I don't see, though, why it wouldn't be substrate-/indifferent/, within
certain bounds. i.e. the substrate has to have certain properties, but
there will be a large number of physical systems that can act as
substrates (beer-cans and string, for instance ).
> /> The only reason I can think of is that computer software is
> deterministic: same input, same process, same output every time.
> /
>
Well, for one thing that's not exactly true, for another, we wouldn't be
talking about 'computer software' exactly. Or at least not only.
This relates to a question that has come up again and again in the past.
"How can a bunch of 'if-thens' have feelings etc.??"
That's like asking how can a bunch of ion channels have feelings, when
trying to understand a brain.
Or "how can you sit on a bunch of quarks?" when considering a chair.

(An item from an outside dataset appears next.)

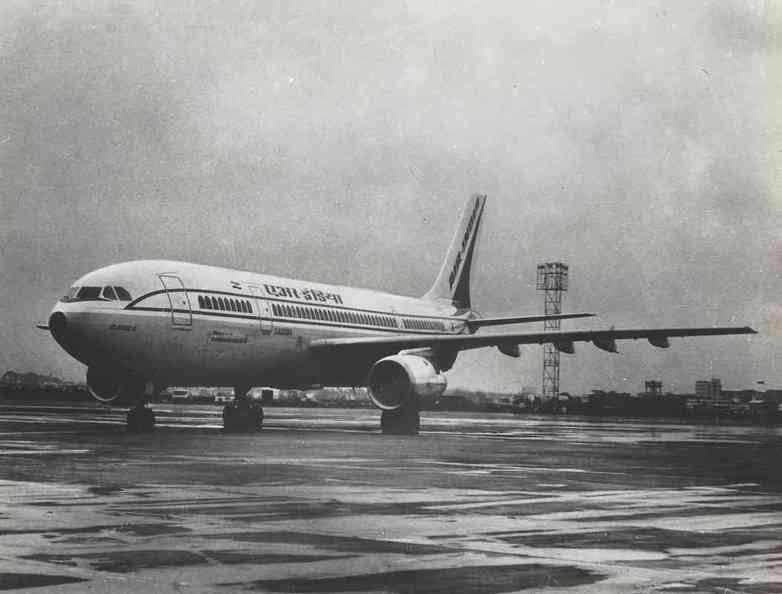 पहला एयरबस A310-300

Levels, it's all about ascending levels of organisation, or what
sometimes gets called (misleadingly, I think) 'emergence'. H2O molecules
aren't wet, neural spike trains aren't blue, etc.
You know that it's trivially easy to create a program that will produce
a different result every time it's run, or results that are not possible
to predict.
Consider that a brain is made up of membranes with ion channels, which
are organised into tubes and bags separating different volumes of
different solutes, which are organised into networks that dynamically
change, that are organised into a large number of specialised brain
areas that implement different mental modules, connected to each other
in lots of different ways, and to the external environment via sensory
organs and muscles and endocrine glands. How many levels is that? At
least 5, probably more if you go into detail.

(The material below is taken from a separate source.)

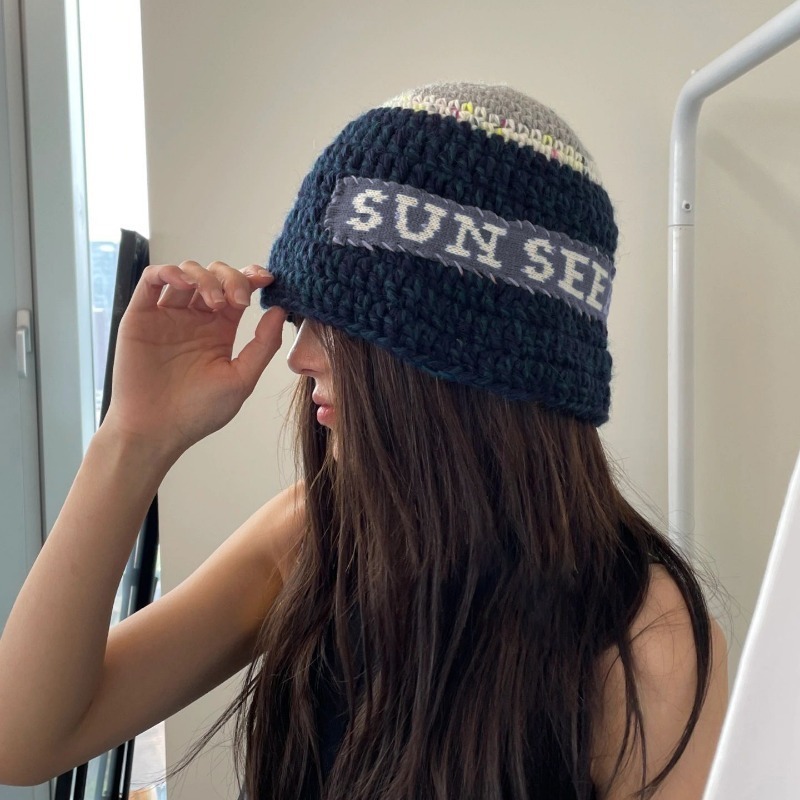 Wide Brim Hats Bucket Hats Ins Vintage Hand-woven Patchwork Warm Beanies Women Autumn Winter Korean Color Matching Y2k Flowers Knitted Bucket Hat 2308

And then look at the same system from the point of view of the
information it processes. Same principle. Simple signals (individual
neurons firing or not), organised into more complex data structures
(neural spikes), up a level (spike trains) up a level (patterns of
activation of low-level neural networks, where the same pattern of spike
trains signifies different things in different axons), up a level
(patterns of activation in different networks), up a level (modules and
sub-modules switching into different configurations), up a level (groups
of modules talking to one another)...
You get the idea?
You end up with the Rubaiyat of Omar Khayyam, Beethovens 9th, wavelet
theory, love, homesickness, awe, curiosity, etc. etc.
Zeroes and Ones in a digital information-processing machine are like
action potentials in an axon. Go up through several levels of
organisation and you get spreadsheets and word processors and chat-bots.
Several more and you get various kinds of AI and systems capable of
running a human mind.
The thing we don't know yet is how to actually organise these higher levels.
I'm thinking that current AI systems could help with that. Just as we
use them for drug discovery and creating new enzymes, we could use them
for 'cognition discovery'. Rapidly trying out different configurations
of data-processing systems to see which of them show promise for complex
cognition and consciousness. And for supporting human thought-patterns.